Why are UK bank holidays always on a Monday except Good Friday, Christmas Day and Boxing Day?
I ask, because this year, May Day Bank Holiday is next week on Monday when there is a Friday between 1st May and May Day Bank Holiday.
Why are UK bank holidays always on a Monday except Good Friday, Christmas Day and Boxing Day?
I ask, because this year, May Day Bank Holiday is next week on Monday when there is a Friday between 1st May and May Day Bank Holiday.
Some surprises for you:
What is a bank holiday was governed by the Bank Holidays Act 1871 (and several subsequent Extensions Acts) until the enactment of the Banking and Financial Dealings Act 1971 a century later, which repealed and replaced it. This Act defines what a bank holiday is, contains a schedule of the default bank holidays, and empowers the monarch (except in Northern Ireland where it is the Secretary of State) to modify the dates for a given year or to add add one-off dates to this list at whim.
This Act is the source of the first surprise. Good Friday and Christmas Day are not bank holidays, despite what you may see on many lists of U.K. bank holidays. The Act defines what a bank holiday is, and it does so in terms of a bank holiday being as free of compulsions to do banking stuff as Good Friday and Christmas Day are. Good Friday and Christmas Day were special for banking, like Sunday was, long before the idea of bank holidays was invented. They are not listed in the Act as bank holidays. Rather, bank holidays are defined to be further additional days that are like Good Friday and Christmas Day already were.
In the lists of bank holidays in Schedule 1 one can see the second and third surprises.
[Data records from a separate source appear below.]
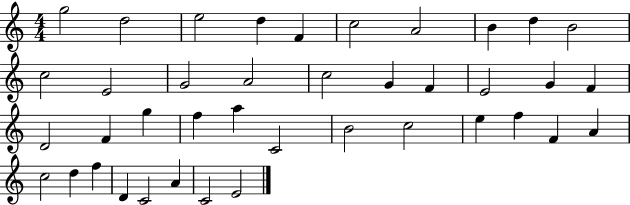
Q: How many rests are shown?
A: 0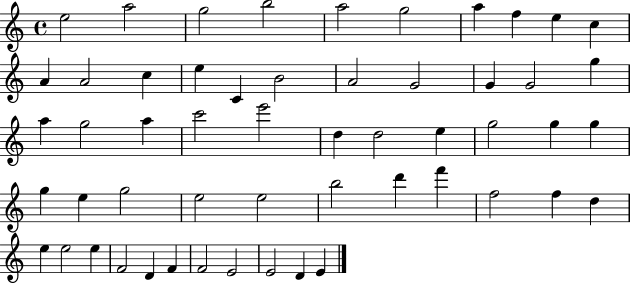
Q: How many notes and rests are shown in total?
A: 54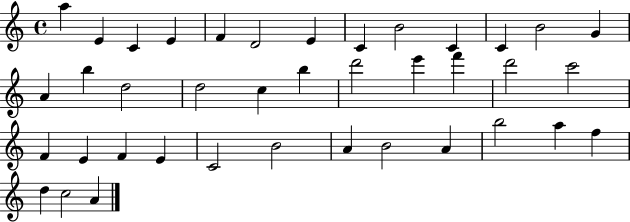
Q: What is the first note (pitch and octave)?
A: A5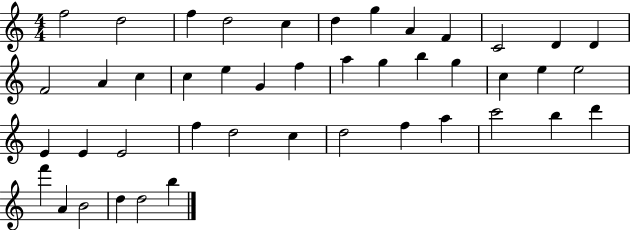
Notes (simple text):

F5/h D5/h F5/q D5/h C5/q D5/q G5/q A4/q F4/q C4/h D4/q D4/q F4/h A4/q C5/q C5/q E5/q G4/q F5/q A5/q G5/q B5/q G5/q C5/q E5/q E5/h E4/q E4/q E4/h F5/q D5/h C5/q D5/h F5/q A5/q C6/h B5/q D6/q F6/q A4/q B4/h D5/q D5/h B5/q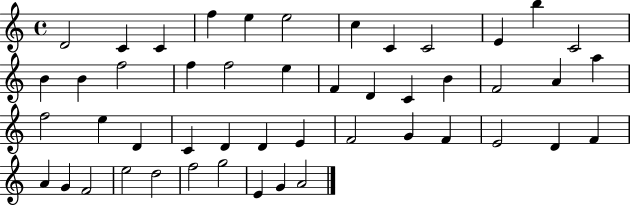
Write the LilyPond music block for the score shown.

{
  \clef treble
  \time 4/4
  \defaultTimeSignature
  \key c \major
  d'2 c'4 c'4 | f''4 e''4 e''2 | c''4 c'4 c'2 | e'4 b''4 c'2 | \break b'4 b'4 f''2 | f''4 f''2 e''4 | f'4 d'4 c'4 b'4 | f'2 a'4 a''4 | \break f''2 e''4 d'4 | c'4 d'4 d'4 e'4 | f'2 g'4 f'4 | e'2 d'4 f'4 | \break a'4 g'4 f'2 | e''2 d''2 | f''2 g''2 | e'4 g'4 a'2 | \break \bar "|."
}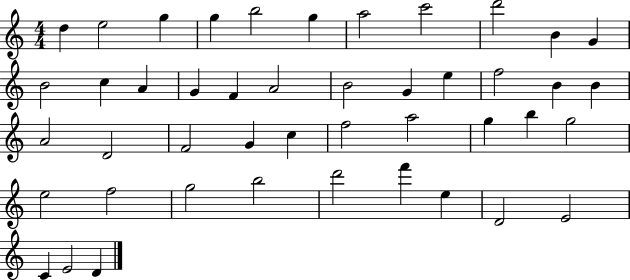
D5/q E5/h G5/q G5/q B5/h G5/q A5/h C6/h D6/h B4/q G4/q B4/h C5/q A4/q G4/q F4/q A4/h B4/h G4/q E5/q F5/h B4/q B4/q A4/h D4/h F4/h G4/q C5/q F5/h A5/h G5/q B5/q G5/h E5/h F5/h G5/h B5/h D6/h F6/q E5/q D4/h E4/h C4/q E4/h D4/q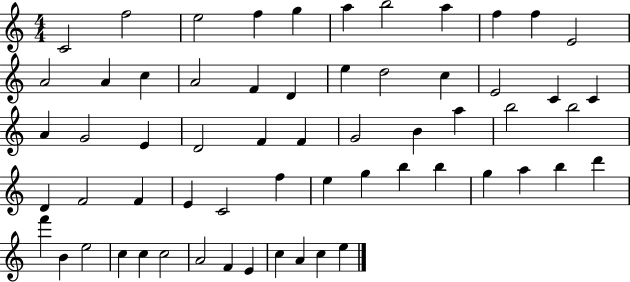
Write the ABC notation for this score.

X:1
T:Untitled
M:4/4
L:1/4
K:C
C2 f2 e2 f g a b2 a f f E2 A2 A c A2 F D e d2 c E2 C C A G2 E D2 F F G2 B a b2 b2 D F2 F E C2 f e g b b g a b d' f' B e2 c c c2 A2 F E c A c e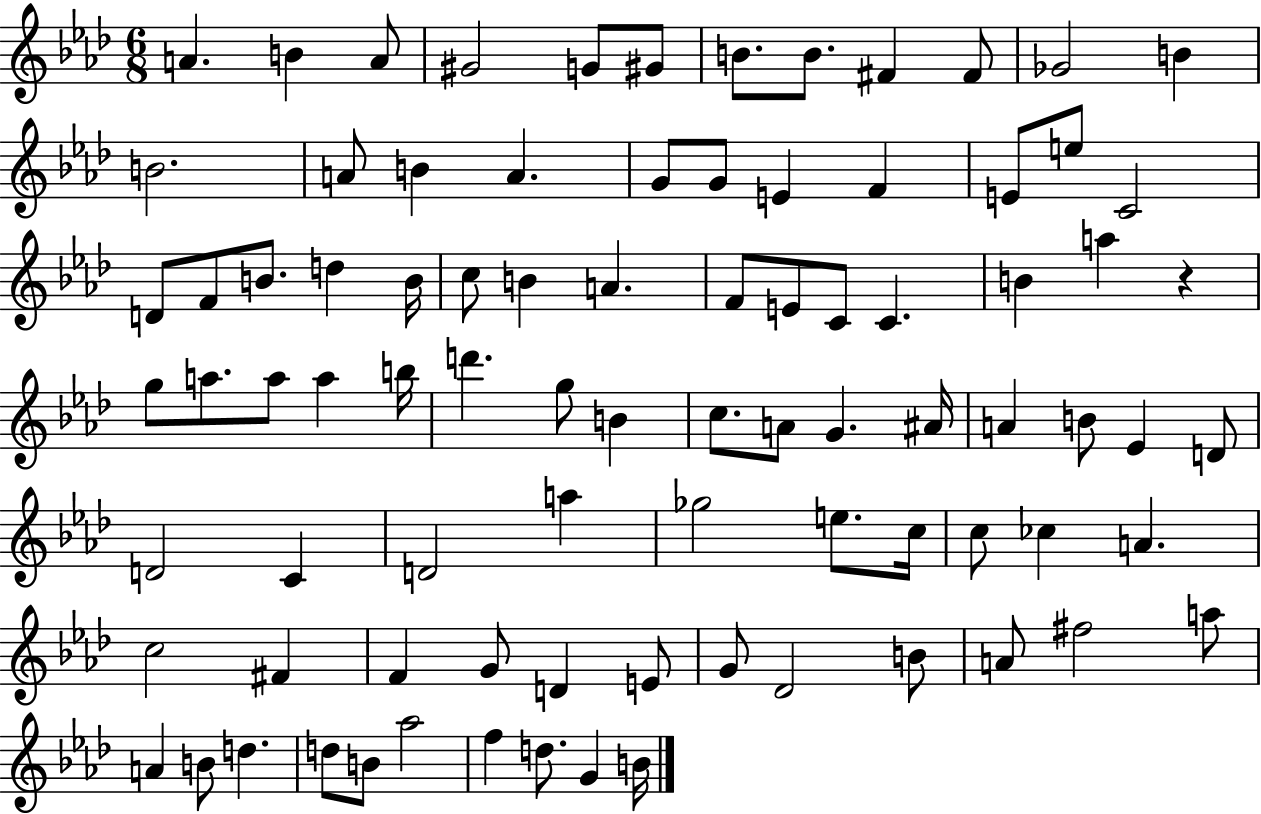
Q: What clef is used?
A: treble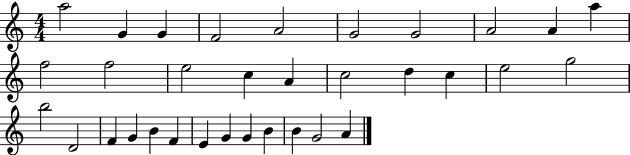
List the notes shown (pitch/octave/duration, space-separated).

A5/h G4/q G4/q F4/h A4/h G4/h G4/h A4/h A4/q A5/q F5/h F5/h E5/h C5/q A4/q C5/h D5/q C5/q E5/h G5/h B5/h D4/h F4/q G4/q B4/q F4/q E4/q G4/q G4/q B4/q B4/q G4/h A4/q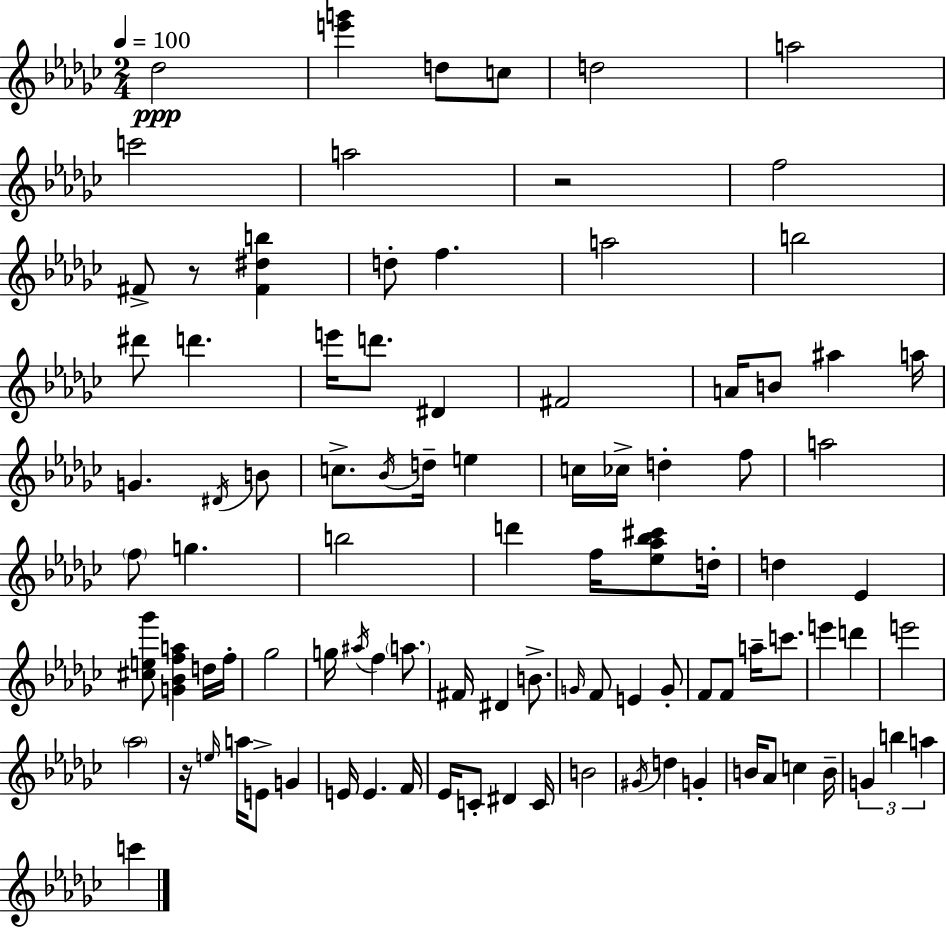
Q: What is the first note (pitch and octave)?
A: Db5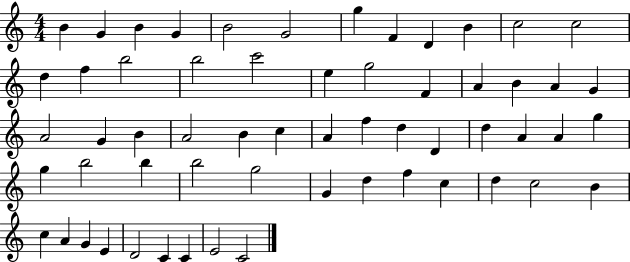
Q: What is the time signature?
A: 4/4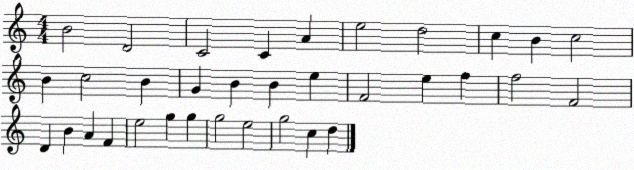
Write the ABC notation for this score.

X:1
T:Untitled
M:4/4
L:1/4
K:C
B2 D2 C2 C A e2 d2 c B c2 B c2 B G B B e F2 e f f2 F2 D B A F e2 g g g2 e2 g2 c d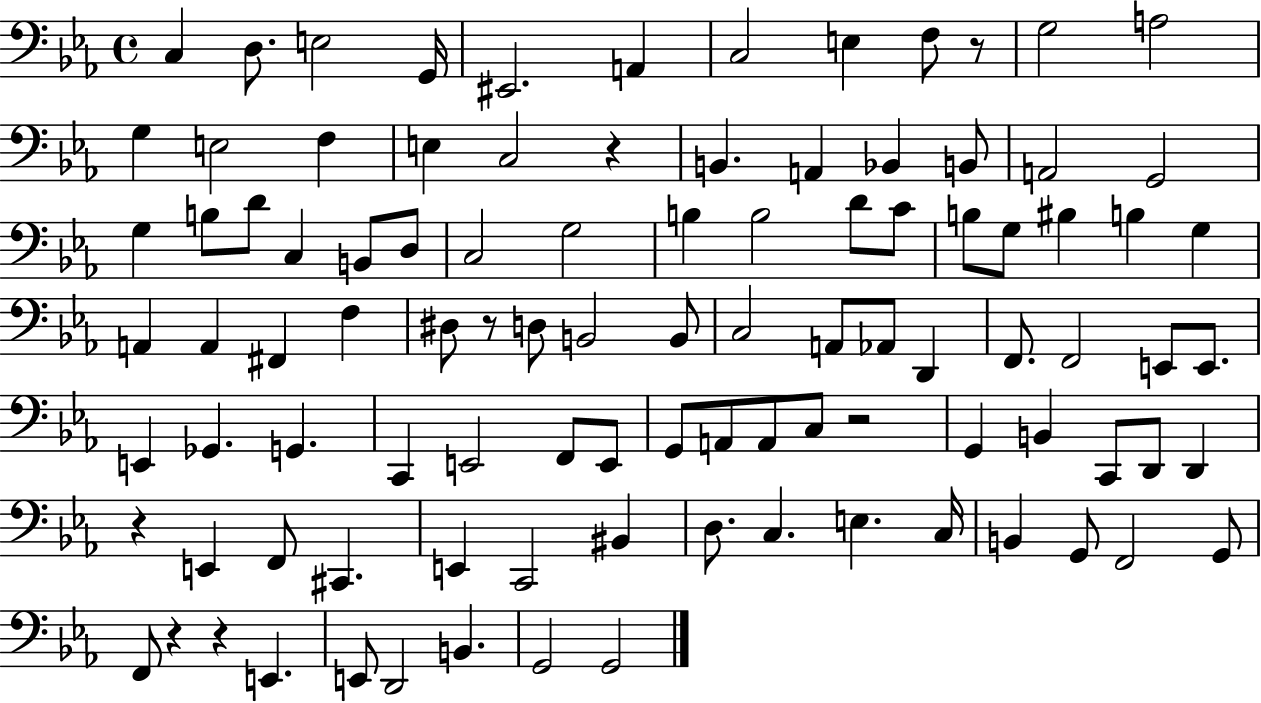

They are different for England+Wales, Scotland, and Northern Ireland. Only 3/5 of the England+Wales bank holidays are defined to be Mondays, the other 2/5 are calendar days. Indeed, the Act explicitly spells out that these calendar days are not always Mondays, by making provisions for what should happen if they are Sundays. (Hence only one of the 2/5 can actually occur in any given year.) It's furthermore a straight 3/6 and 3/6 split for Northern Ireland; and 2/7 Mondays, 1/7 Fridays, and 4/7 calendar days for Scotland.
This is not always Mondays. It is not even mostly Mondays for Scotland and Northern Ireland.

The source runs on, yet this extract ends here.